Material shown: Begin

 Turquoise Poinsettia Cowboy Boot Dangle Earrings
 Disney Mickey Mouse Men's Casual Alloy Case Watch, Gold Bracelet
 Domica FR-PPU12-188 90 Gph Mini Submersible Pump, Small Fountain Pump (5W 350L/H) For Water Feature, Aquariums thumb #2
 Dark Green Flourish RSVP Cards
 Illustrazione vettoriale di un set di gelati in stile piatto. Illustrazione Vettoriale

Material shown: End
Material shown: Begin

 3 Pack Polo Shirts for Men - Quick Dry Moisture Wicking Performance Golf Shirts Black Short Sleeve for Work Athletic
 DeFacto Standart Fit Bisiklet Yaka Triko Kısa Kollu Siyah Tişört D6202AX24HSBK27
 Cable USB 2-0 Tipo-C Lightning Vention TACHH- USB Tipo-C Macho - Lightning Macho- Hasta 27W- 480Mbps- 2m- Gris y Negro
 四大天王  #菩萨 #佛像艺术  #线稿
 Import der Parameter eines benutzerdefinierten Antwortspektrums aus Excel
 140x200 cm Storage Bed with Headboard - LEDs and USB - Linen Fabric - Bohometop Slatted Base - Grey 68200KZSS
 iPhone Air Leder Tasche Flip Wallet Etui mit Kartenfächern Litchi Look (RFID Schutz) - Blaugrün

Material shown: End

Prompt: A word-for-word copy of the lines above from the one with "Import der Parameter" through the one with "iPhone Air Leder", inclusive, is the only output wanted.

Exercise response:
 Import der Parameter eines benutzerdefinierten Antwortspektrums aus Excel
 140x200 cm Storage Bed with Headboard - LEDs and USB - Linen Fabric - Bohometop Slatted Base - Grey 68200KZSS
 iPhone Air Leder Tasche Flip Wallet Etui mit Kartenfächern Litchi Look (RFID Schutz) - Blaugrün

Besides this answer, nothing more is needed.